This information is taken from the statutory List as it was in 2001 and may not be up to date.

BARHAM CHURCH LANE TM 15 SW 3/8 Church of St. Mary 9.12.55 I Parish church, mediaeval with mid C19 alterations. Nave, chancel, south-west tower/porch, north chapel and vestry. A church room was added to north of nave c.1980. Flint rubble with freestone dressings; much of the fabric has random blocks of reused moulded stone. The nave clerestory and vestry have red brickwork of c.1500. Plaintiled roofs with parapet gables. The tower has a flat roof behind C19 battlemented parapets. The chancel has late C13 work: south doorway, sedilia with tall shafts and pierced trefoils, a cusped piscina, and opposite is a large niche, perhaps an aumbry. Nave rebuilt mia C14; and with it the tower which includes a porch at ground storey. Both nave doorways are hood-moulded inside and out, with grotesque corbels. A number of Y-traceried windows. Later in C14 a 2-bay chapel was added to north of nave, later to be extended. C.1500, the nave walls were raised in red brick for a 7-bay hammerbeam roof, with clerestory windows in each bay. The hammerbeams and cornice are crenellated, but the upper part of the roof was renewed with king-posts on collarbeams in C19, when the angels were also replaced. A 4- light window of c.1525 in the vestry has a frame and mullions of terracotta with early Renaissance moulding. It was commissioned by the Bacon family and is by Italian craftsmen. Unlike similar finer examples at Shrubland Hall and Henley Church, this window is ill-composed, perhaps from surplus components.
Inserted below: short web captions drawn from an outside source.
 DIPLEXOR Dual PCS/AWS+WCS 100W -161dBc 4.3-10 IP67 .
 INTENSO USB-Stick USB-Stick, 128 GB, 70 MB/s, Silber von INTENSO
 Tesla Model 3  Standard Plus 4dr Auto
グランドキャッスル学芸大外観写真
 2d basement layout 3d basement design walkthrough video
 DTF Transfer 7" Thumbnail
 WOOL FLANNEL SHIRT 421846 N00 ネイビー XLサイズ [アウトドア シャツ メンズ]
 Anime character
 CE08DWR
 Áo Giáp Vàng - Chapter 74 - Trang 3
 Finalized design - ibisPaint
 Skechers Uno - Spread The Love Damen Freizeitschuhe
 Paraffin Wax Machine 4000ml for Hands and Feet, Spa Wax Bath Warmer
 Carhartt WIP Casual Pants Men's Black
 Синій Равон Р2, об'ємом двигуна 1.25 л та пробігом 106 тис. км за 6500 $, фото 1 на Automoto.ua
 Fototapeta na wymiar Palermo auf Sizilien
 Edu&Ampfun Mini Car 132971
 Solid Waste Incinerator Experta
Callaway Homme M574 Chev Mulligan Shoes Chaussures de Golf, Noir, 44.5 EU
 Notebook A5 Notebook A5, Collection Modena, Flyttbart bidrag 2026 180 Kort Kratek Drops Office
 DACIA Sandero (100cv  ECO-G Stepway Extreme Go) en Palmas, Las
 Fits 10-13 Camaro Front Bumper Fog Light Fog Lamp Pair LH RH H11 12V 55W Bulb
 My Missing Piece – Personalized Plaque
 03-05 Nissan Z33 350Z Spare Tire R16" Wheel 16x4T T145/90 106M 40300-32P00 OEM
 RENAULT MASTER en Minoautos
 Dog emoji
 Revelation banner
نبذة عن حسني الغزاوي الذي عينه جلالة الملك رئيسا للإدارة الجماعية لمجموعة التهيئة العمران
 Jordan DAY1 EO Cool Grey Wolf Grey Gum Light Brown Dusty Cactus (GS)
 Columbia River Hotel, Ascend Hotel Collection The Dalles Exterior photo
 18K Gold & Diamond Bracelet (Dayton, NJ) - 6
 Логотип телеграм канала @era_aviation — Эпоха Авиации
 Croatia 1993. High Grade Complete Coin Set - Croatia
The east window (in C13 style) and west window (C14 style) were introduced mid C19. In the Middleton Chapel is a fine section of C15 rood screen, no doubt removed from the chancel-arch in C18 and augmented with contemporary panelling. The C19 pulpit also has traceried and coloured panels from the same source. Carved Italian altar rails, dated 1700; of same date are panels painted with Commandments, Lord's Prayer and The Creed. A set of 5 plain C16 poppyhead benches in the nave. In the chancel is a fine C15 recessed and canopied table monument with cusped and crocketed ogee-arched head. A wall monument to Sir Richard Southwell, d.1640, with effigies of him and his wife.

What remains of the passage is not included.